“Lady!” said Sir Walter, with great solemnity, after having seated her in one chair, and drawn one for himself close to her, where he sat for some moments looking steadily into her pallid and agitated countenance. “Lady! are these the charitable errands on which thou art wont to send this boy?”
“What mean ye, Sir Walter?” demanded the lady, in a state of trembling and alarm which she could not conceal. “The boy hath not basely accused me of aught.”
“Sir Walter, your pardon!” said Jane, the lady’s bower woman, bursting at that moment most inopportunely into the room, “Ronald would fain know what you would have done with the corpse of poor Tomkins?”
“The corpse of Tomkins!” cried the lady, starting up, and clapping her hands together, in an ecstacy of joy, which she could not hide. “Then the boy is no longer alive!”
“He was found dead, it seems, my lady,” said the maid, “and his corpse hath this moment been brought in by Ronald and the rest. ’Tis fearsome to look upon him. He hath got a deadly contusion and gash on his head.”

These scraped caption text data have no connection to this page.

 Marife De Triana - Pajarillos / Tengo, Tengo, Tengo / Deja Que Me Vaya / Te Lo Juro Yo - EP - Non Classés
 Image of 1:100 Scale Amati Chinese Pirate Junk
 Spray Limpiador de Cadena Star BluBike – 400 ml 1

“Alas, poor boy!” cried the lady, wiping her dry eyes with her pocket handkerchief, and mustering up all the symptoms of sorrow she could command. “Who can have murdered him? I shall never again meet with so faithful a page!”

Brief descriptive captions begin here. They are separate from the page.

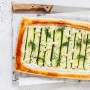 Rectangular Tart / Quiche Pan with Removable Bottom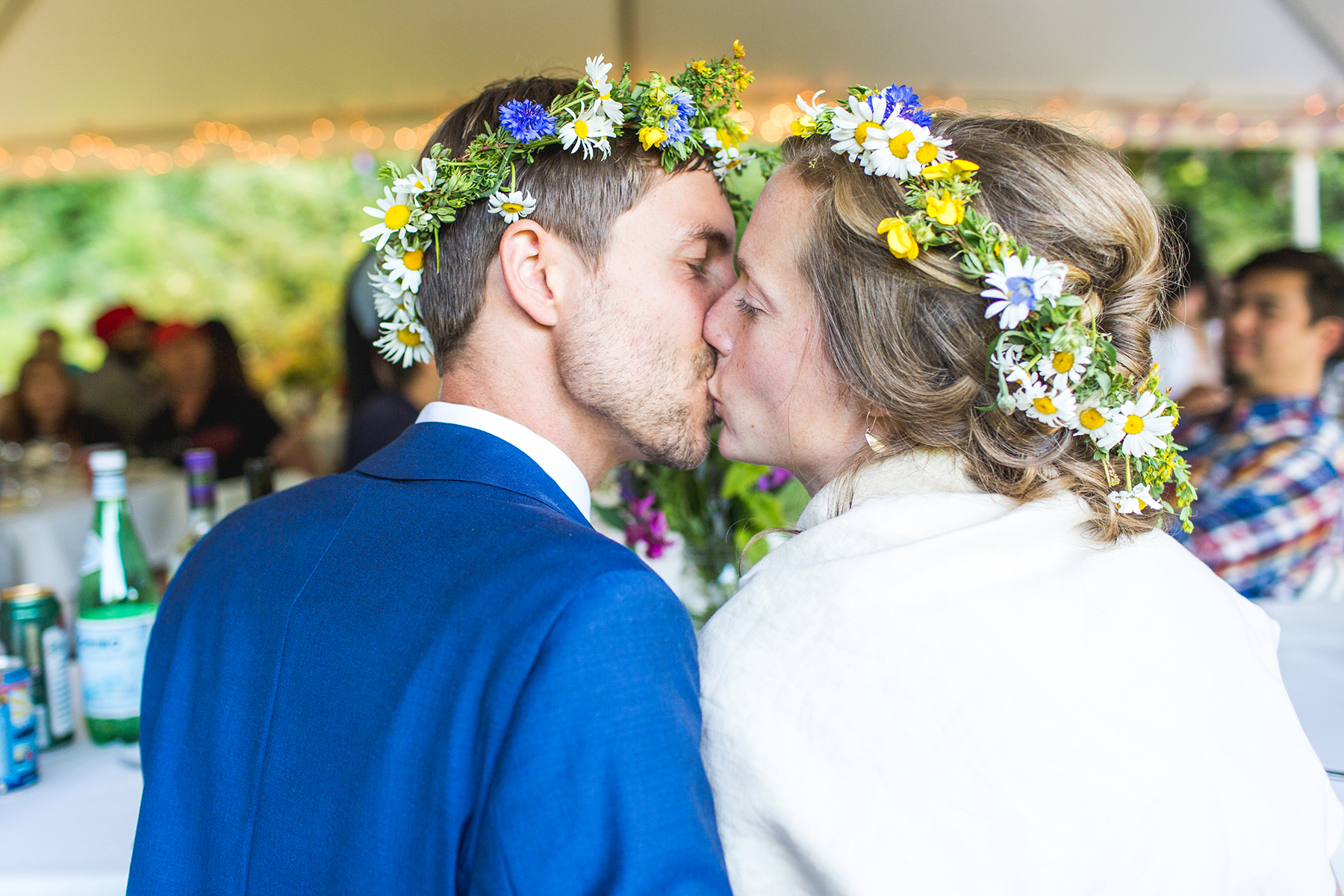 eco friendly farm wedding on vancouver island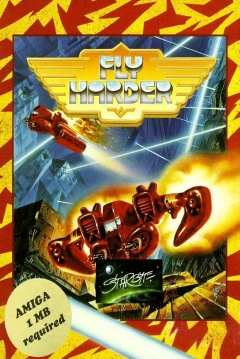 Poster Fly Harder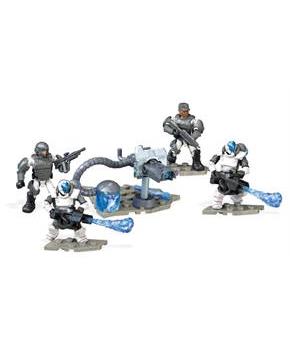 HALO Mega Construx Building Set | UNSC Blizzard Squad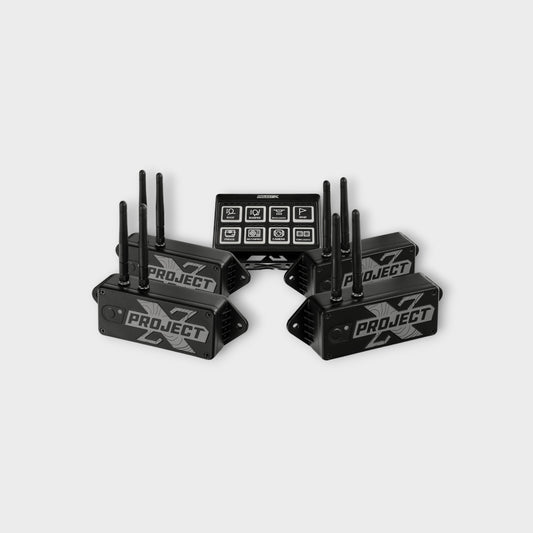 Wireless Accessory Control Ecosystem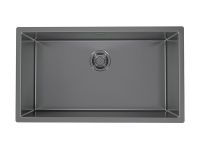 Мойка для кухни Alveus QUADRIX MONARCH 60 с выпуском без сифона 74х40х20 см схема 4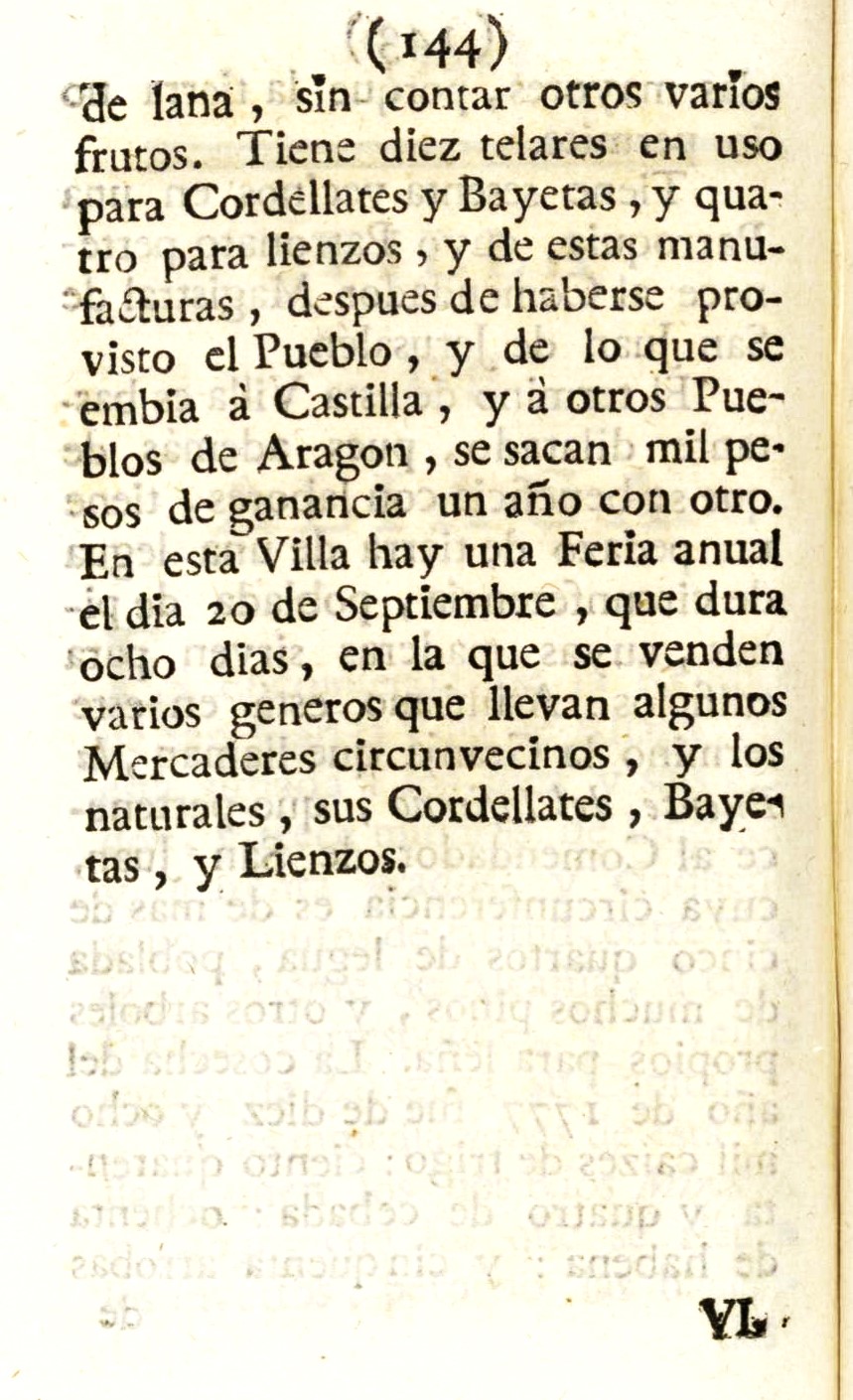 1779 Atlante Español, tomo 3, Aragón 144 1779. Atlante Español, tomo 3, Aragón. 144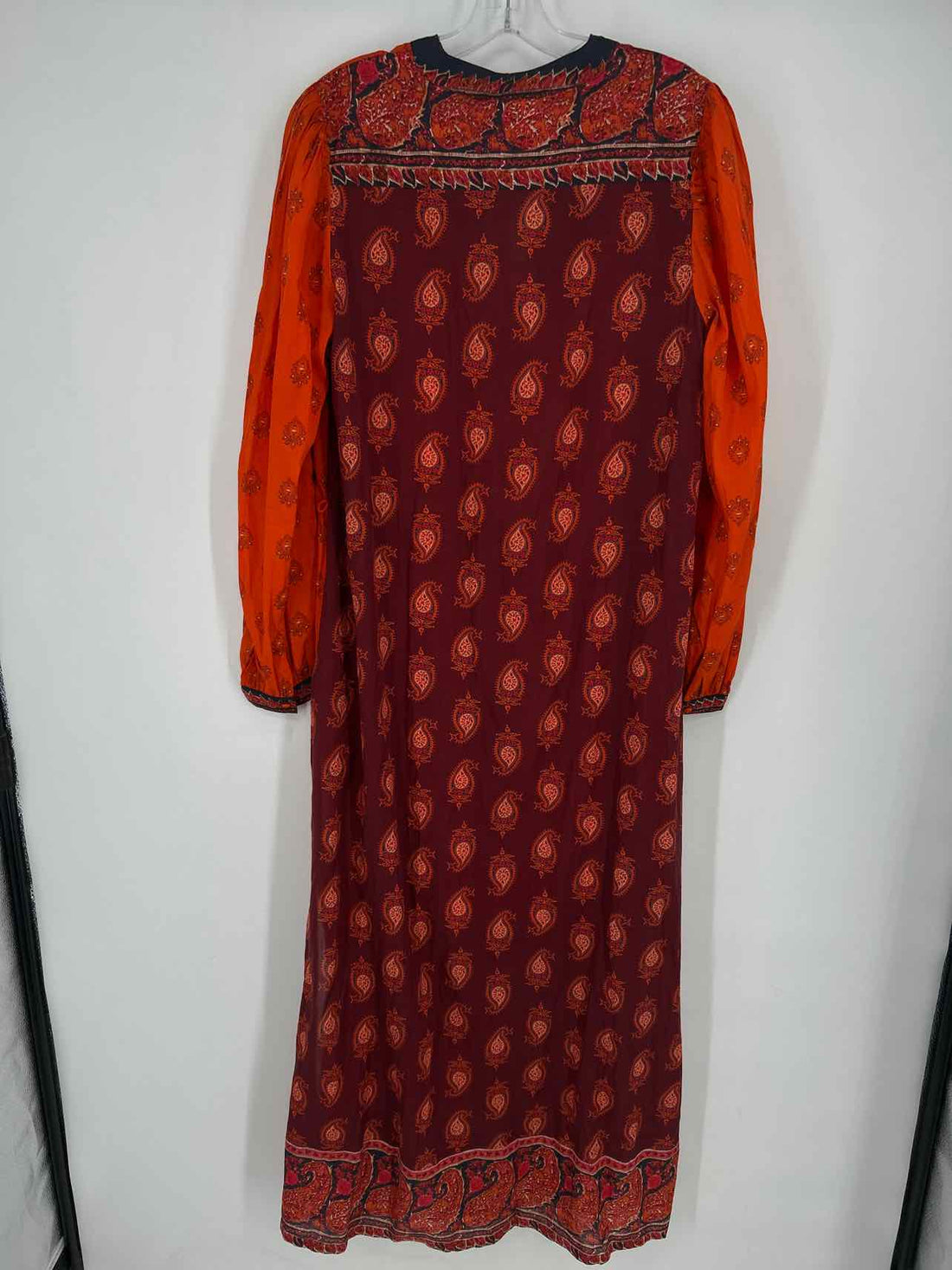 Sundance Size S Orange Print NWT Dress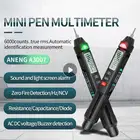 Цифровой мультиметр, профессиональный автоматический интеллектуальный фототестер A3007, Бесконтактный мини-мультиметр напряжения в виде ручки, высокая точность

“Faithful, indeed, madam,” said Sir Walter, after showing the maid again out of the room, “faithful, indeed, readily to execute those most wicked and murderous orders with which thou didst charge him.”
“Nay, nay, this is too much, Sir Walter,” replied the lady, now gaining full boldness and command of herself, from having been thus unexpectedly certified that her page was dead, and that he could now tell no tales; “how canst thou dare to insinuate any thing against me?”
“Madam,” said Sir Walter, in a hollow tone, and with considerable agitation of manner, “would it were so that thou couldst with truth speak thus boldly. But, alas! the words I heard thee utter last night to the page—the horrible catastrophe of this morning—the place where it pleased Providence that he should meet with his accidental death—the direction in which he was running when he received it, and the implements of destruction which were found in his bosom, can leave no rational doubt in my mind as to the person who conceived and directed this most cruel tragedy; and though evidence may be yet lacking to bring the crime fully home to thee, yet, convinced and satisfied as I am of the justice of this charge against thee, I can no longer suffer the head of so foul a murderess to rest upon this bosom. I leave thee to the stings of thine own conscience, and to that repentance which they may produce, believing that God, in his own good time, will make the truth appear, so that thou mayst be made to expiate thy guilt,” and so saying, Sir Walter Stewart left the apartment.
“Leave me to my conscience!” cried the lady, with a laugh of derision, after the door was closed, “my conscience will sit easy enough within me, I trow, since my good fortune hath thus got me so innocently rid of mine instrument, after he had so well worked my will.”